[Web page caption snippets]

----

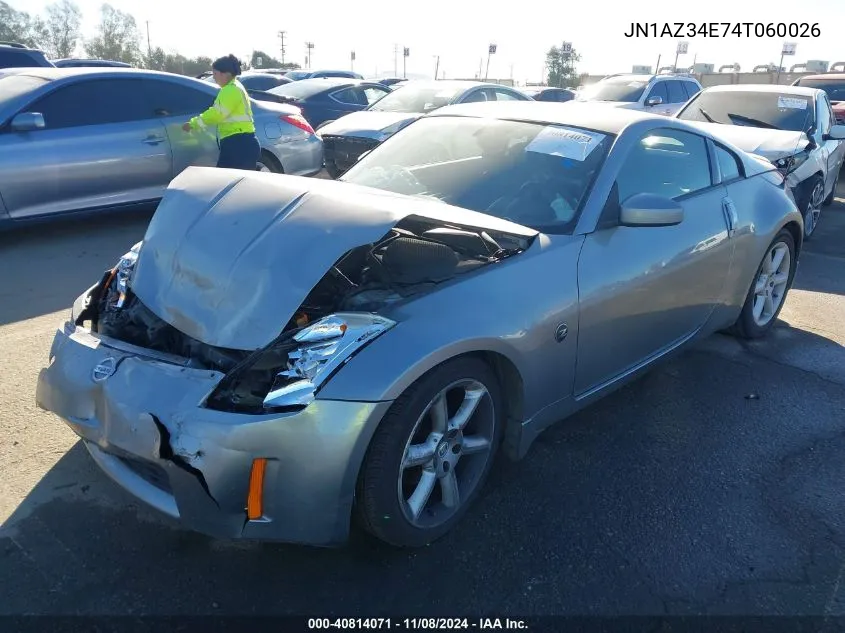 JN1AZ34E74T060026 2004 Nissan 350Z Touring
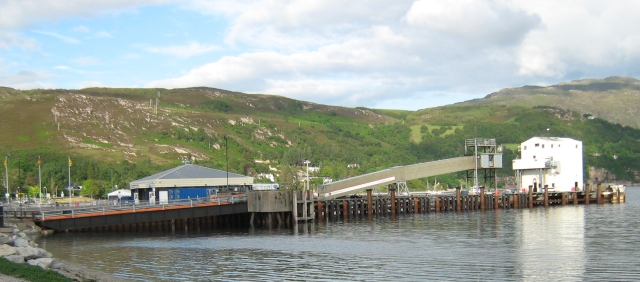 the jetty and the terminal for the ferry at ullapool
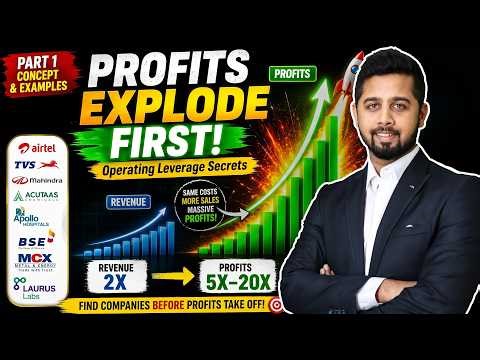 The Most Powerful Wealth Creation Engine in Stocks - Operating leverage explained!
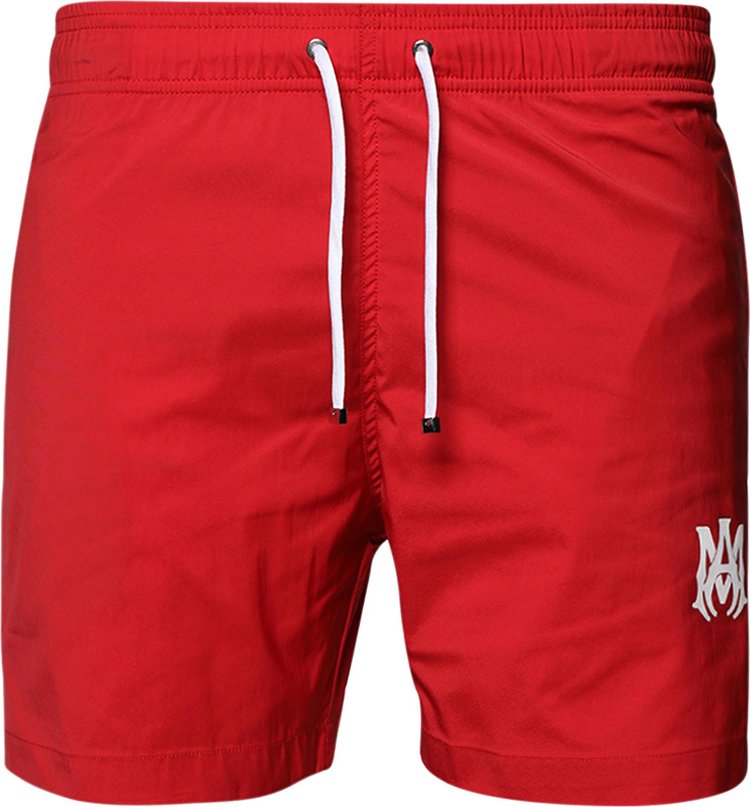 Amiri MA Core Logo Swim Trunk Red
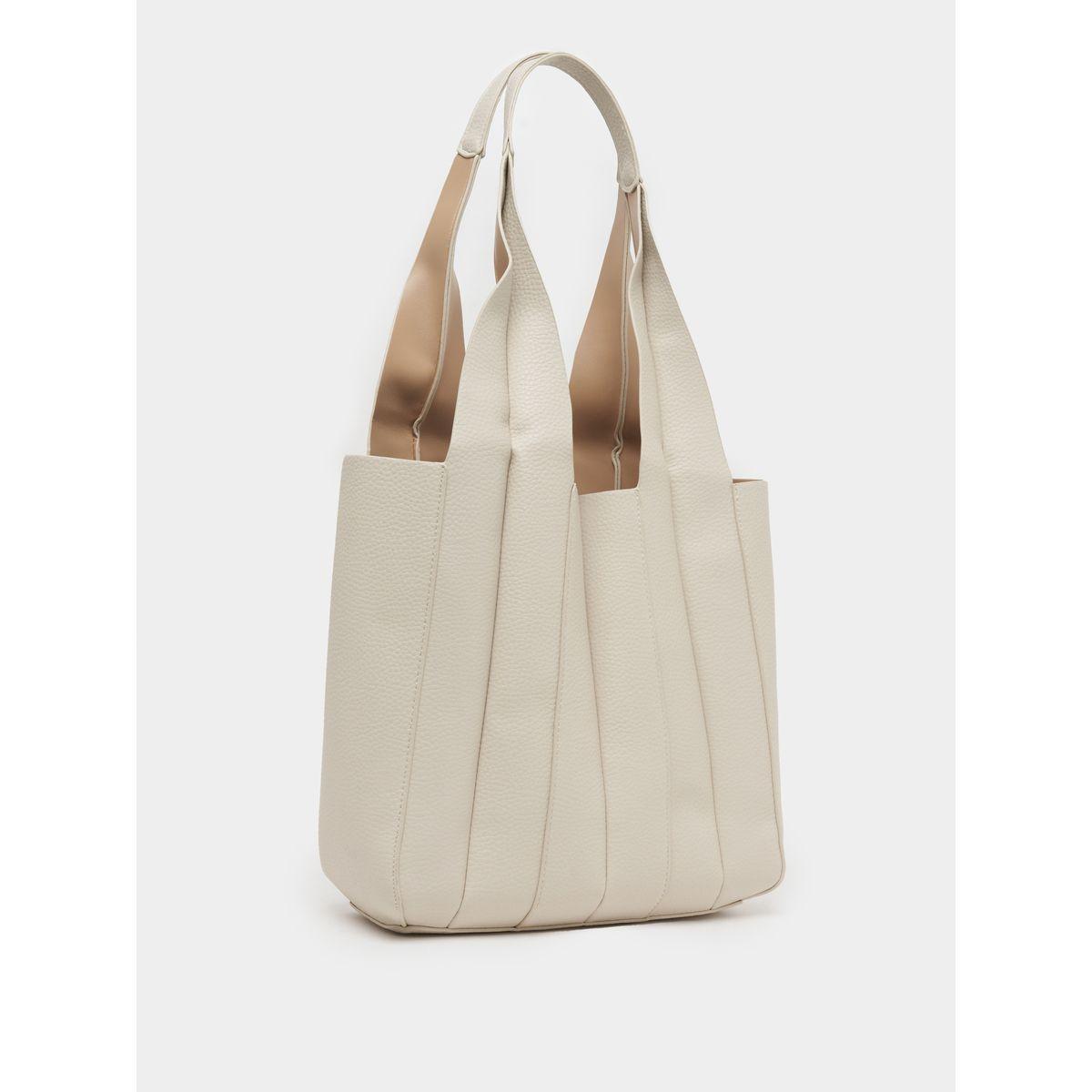 Styli Fold Pleat Detail Shoulder Bag-women-bagsandwallets-handbags-image-1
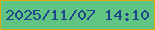 文字の大きさ：2、枠の色：d9a90f、背景の色：60c582、文字の色：1f458c 無料ブログパーツのブログ時計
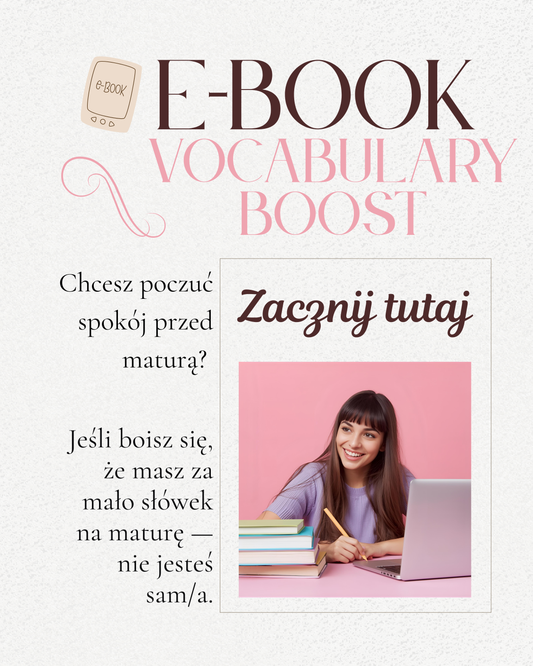Vocabulary Boost — kompleksowy e-book dla ambitnych uczniów i nauczycieli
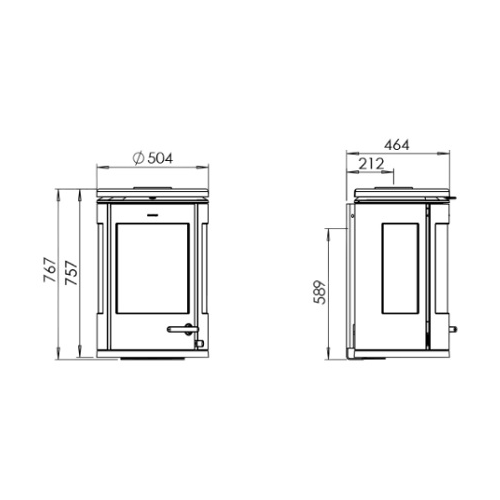 Kaminofen Morsoe 7970 | 7,3 kW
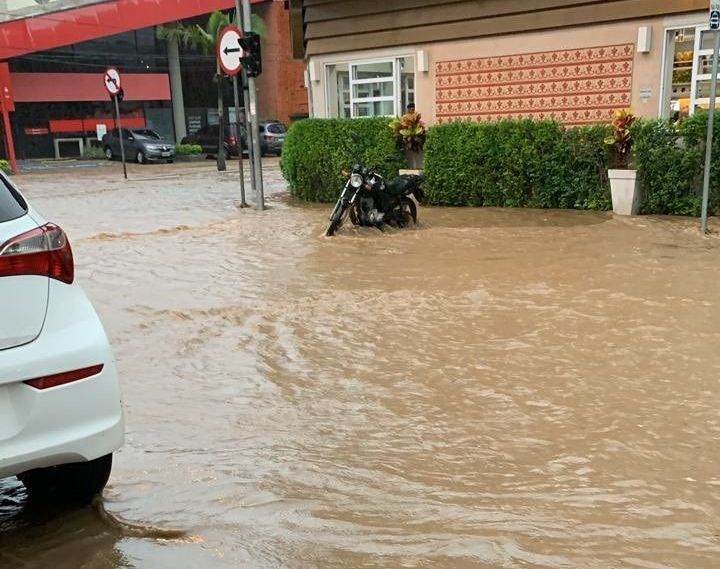 Área atingida pela chuva em São Sebastião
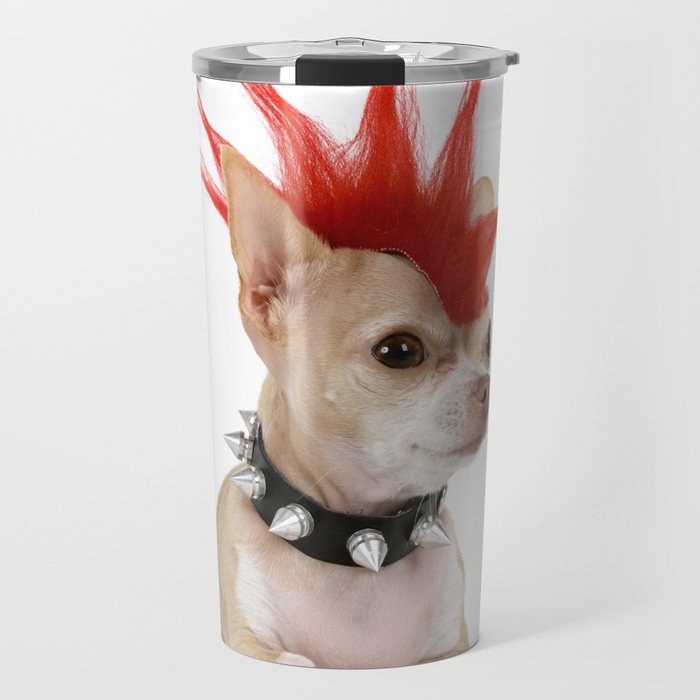 Punk Chihuahua Travel Mug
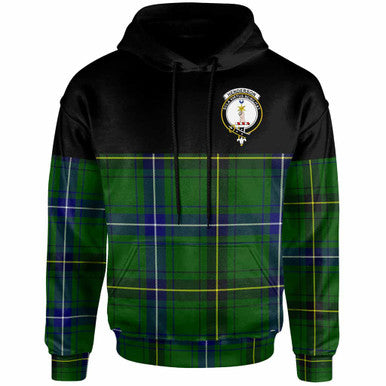 Scottish Henderson Clan Crest Tartan Hoodie - Horizontal Style Front Side Tartan Plaid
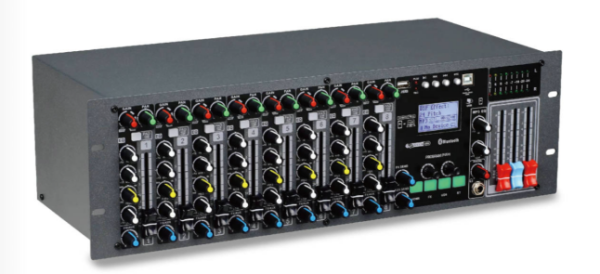 GPM2008 8 Kanal 700W 4 Ohm Stereo Power Mikser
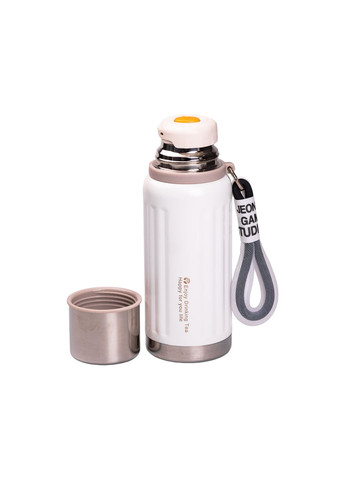 Термос Enjoy 600 мл с флип крышкой и ремешком, белый Yiwu HP-14-9W No Brand (360481788)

----

Because the pictures are not wanted, retype only the text of every record, exactly as given.

Output:
 JN1AZ34E74T060026 2004 Nissan 350Z Touring
 the jetty and the terminal for the ferry at ullapool
 The Most Powerful Wealth Creation Engine in Stocks - Operating leverage explained!
 Amiri MA Core Logo Swim Trunk Red
 Styli Fold Pleat Detail Shoulder Bag-women-bagsandwallets-handbags-image-1
 文字の大きさ：2、枠の色：d9a90f、背景の色：60c582、文字の色：1f458c 無料ブログパーツのブログ時計
Vocabulary Boost — kompleksowy e-book dla ambitnych uczniów i nauczycieli
 Kaminofen Morsoe 7970 | 7,3 kW
 Área atingida pela chuva em São Sebastião
 Punk Chihuahua Travel Mug
 Scottish Henderson Clan Crest Tartan Hoodie - Horizontal Style Front Side Tartan Plaid
 GPM2008 8 Kanal 700W 4 Ohm Stereo Power Mikser
 Термос Enjoy 600 мл с флип крышкой и ремешком, белый Yiwu HP-14-9W No Brand (360481788)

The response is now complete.